Offshoring of 190 Westpac jobs to The Philippines sparks data concern
Westpac is to move almost 200 jobs in SA and NSW to The Philippines, sparking condemnation from the Finance Sector Union, which claimed workers held concerns about the security of customer data.
Westpac is to move almost 200 jobs in South Australia and NSW to The Philippines, sparking condemnation from the Finance Sector Union, which claimed workers held concerns about the security of customer data.
The FSU said about 190 roles from the bank’s mortgage operations, institutional banking and customer solutions, would be sent offshore. FSU national secretary Julia Angrisano said the decision came three months after Westpac declared the bank was “in very good shape”,
“Westpac made $7bn in profit in the last financial year, a result the chief executive officer said would ‘set Westpac up for growth and success’. Is this what ‘growth and success’ looks like for Westpac workers?” she said.
“These are skilled bank workers managing complex commercial relationships and sensitive information.

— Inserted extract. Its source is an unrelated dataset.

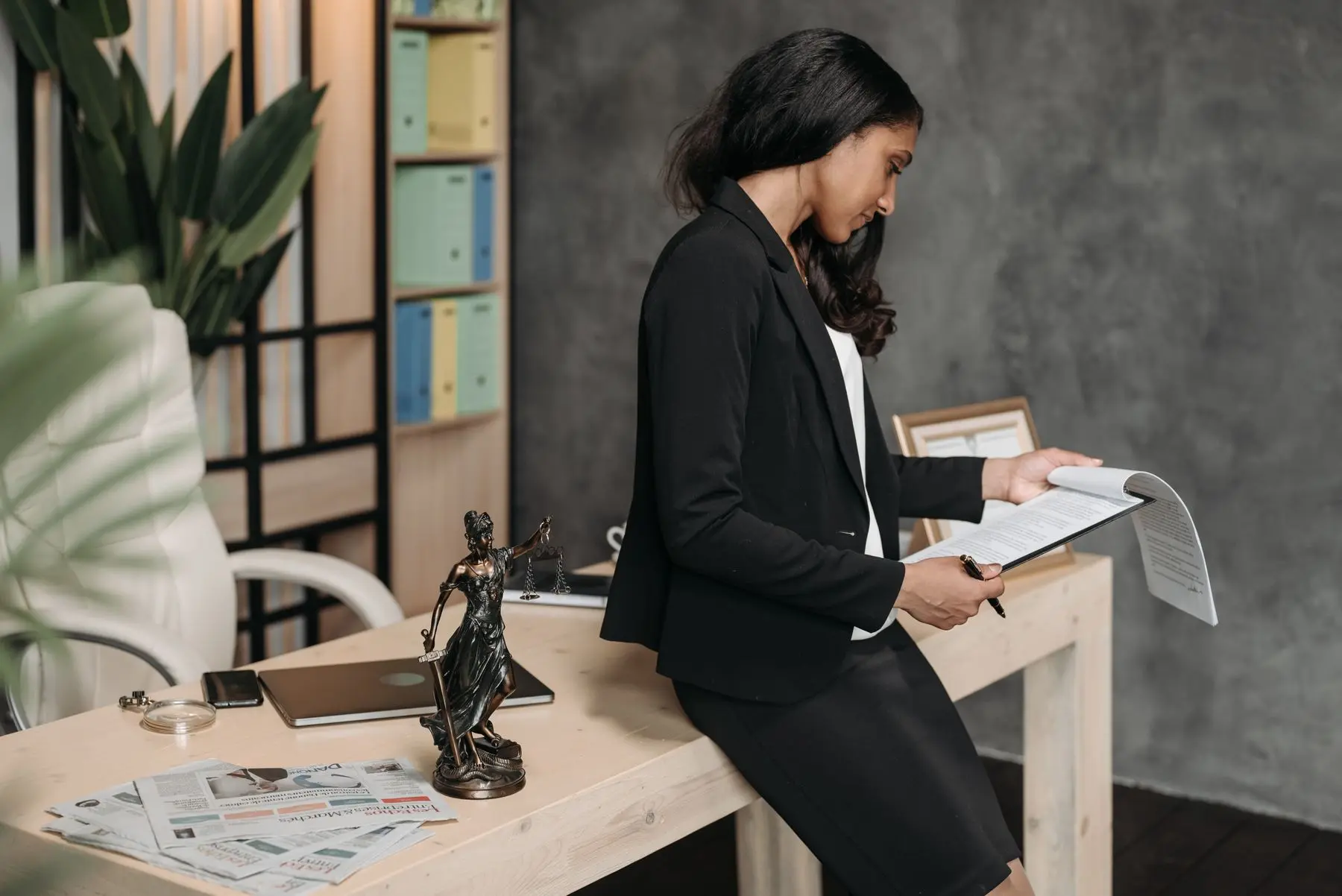 A woman lawyer in a black suit leans on a desk, reading a document, a statuette of Lady Justice beside her.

Our members who work at Westpac have told us about their concerns not just for their own jobs, but for customers and the security of their data.”
She said the union understood Westpac planned to transition all outsourced management and ethical review activity to Concentrix.
“We’ve seen what can happen when important work goes offshore – something as important as ethics being offshored can create dangerous implications and have flow on effects.”
The union will write to the premiers of NSW and South Australia to seek their intervention.
A Westpac spokesman said the banks employed 30,000 workers across the country.
“From time to time, we change the way we operate and this can impact some roles and responsibilities,” the spokesman said.
“When this happens, we work closely with employees to provide tailored support and assistance with career transition.
“We try to keep as many employees in the Westpac Group as we can, through retraining and redeployment.
“These changes are in head office and operational functions and represent around half a per cent of our workforce.”
The FSU said workers were concerned about how account information would be handled, with one worker, who declined to be identified, saying “it is risky to send this information to Manila”.
“I never thought this role would have been outsourced to an offshore ‘partner’ given the complexity and compliance risks associated with the complex accounts we work with,” another worker said.
A third employee said: “This is only going to tarnish Westpac’s reputation, result in complaints and put our compliance and regulatory obligations at risk.”